Disney and Apple/Microsoft are in the same business: short-circuiting laborious, explicit verbal communication with expensively designed interfaces. Disney is a sort of user interface unto itself—and more than just graphical. Let’s call it a Sensorial Interface. It can be applied to anything in the world, real or imagined, albeit at staggering expense.
Why are we rejecting explicit word-based interfaces, and embracing graphical or sensorial ones—a trend that accounts for the success of both Microsoft and Disney?
Part of it is simply that the world is very complicated now—much more complicated than the hunter-gatherer world that our brains evolved to cope with—and we simply can’t handle all of the details. We have to delegate. We have no choice but to trust some nameless artist at Disney or programmer at Apple or Microsoft to make a few choices for us, close off some options, and give us a conveniently packaged executive summary.
But more importantly, it comes out of the fac
t that during this century, intellectualism failed, and everyone knows it. In places like Russia and Germany, the common people agreed to loosen their grip on traditional folkways, mores, and religion, and let the intellectuals run with the ball, and they screwed everything up and turned the century into an abattoir. Those wordy intellectuals used to be merely tedious; now they seem kind of dangerous as well.
We Americans are the only ones who didn’t get creamed at some point during all of this. We are free and prosperous because we have inherited political and value systems fabricated by a particular set of eighteenth-century intellectuals who happened to get it right. But we have lost touch with those intellectuals, and with anything like intellectualism, even to the point of not reading books anymore, though we are literate. We seem much more comfortable with propagating those values to future generations non-verbally, through a process of being steeped in media. Apparently this actually works to some degree, for police in many lands are now complaining that local arrestees are insisting on having their Miranda rights read to them, just like perps in American TV cop shows. When it’s explained to them that they are in a different country, where those rights do not exist, they become outraged. Starsky and Hutch reruns, dubbed into diverse languages, may turn out, in the long run, to be a greater force for human rights than the Declaration of Independence.

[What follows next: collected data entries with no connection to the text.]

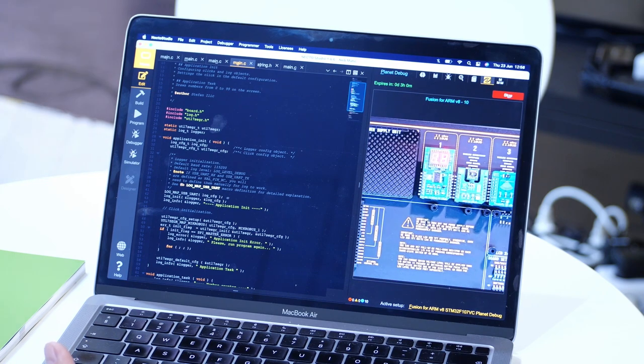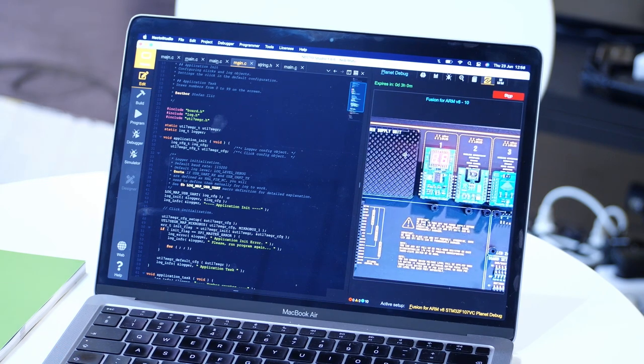and start playing. To learn more about the MicroE PlanetEbug solution or to request your own custom hardware setup, please visit our PlanetEbug page at MicroEU.com. Thank you and bye!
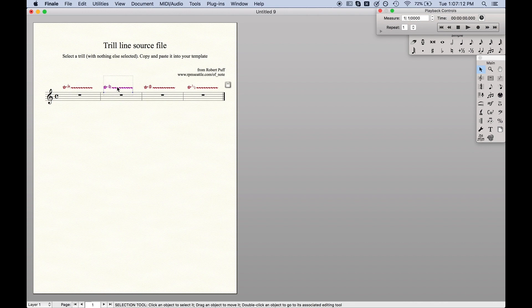So you can either just copy or paste these smart shapes into your project, or you can save it as a library, so that way you don't have to ever worry about this file ever again.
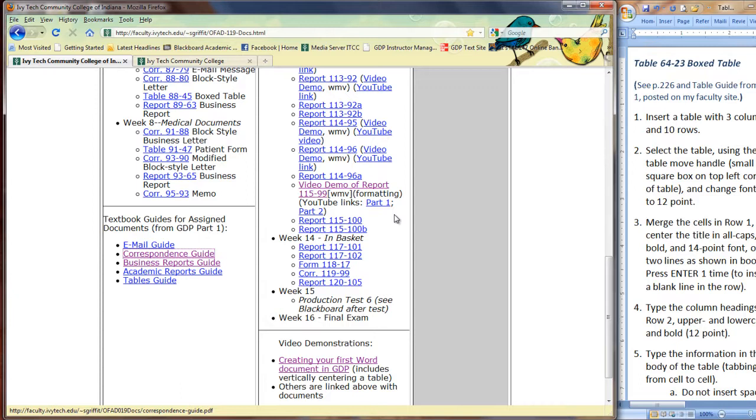In Lesson 63, we've got more correspondence. The memo is another style that you need to be familiar with. Also, an email message. At some point in the course, we're going to come upon this again, and you'll notice that I have an email guide here.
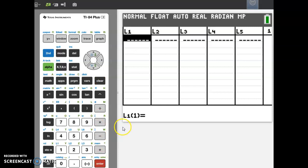That is a quick tutorial on how to enter data into a statistical list on your calculator. Have fun!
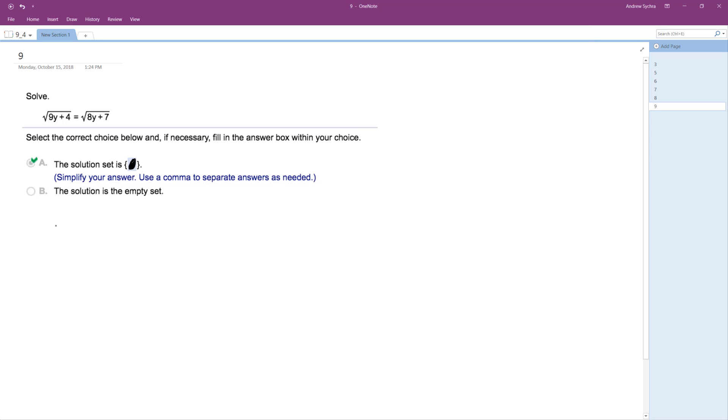Okay, so we want to solve the following problem. What we'll do is we'll just square both sides. So we end up with 9y plus 4 is equal to 8y plus 7.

The written word is unique among media in that it is a digital medium that humans can, nonetheless, easily read and write. Humans are conversant in many media (music, dance, painting), but all of them are analog except for the written word, which is naturally expressed in digital form (i.e. it is a series of discrete symbols—every letter in every book is a member of a certain character set, every “a” is the same as every other “a,” and so on). As any communications engineer can tell you, digital signals are much better to work with than analog ones because they are easily copied, transmitted, and error-checked. Unlike analog signals, they are not doomed to degradation over time and distance. That is why digital compact disks replaced analog LPs, for example. The digital nature of the written word confers on it exceptional stability, which is why it is the vehicle of choice for extremely important concepts like the Ten Commandments, the Koran, and the Bill of Rights. This is generally thought to be a rather good idea. But the messages conveyed by modern audiovisual media cannot be pegged to any fixed, written set of precepts in that way and consequently they are free to wander all over the place and possibly dump loads of crap into people’s minds.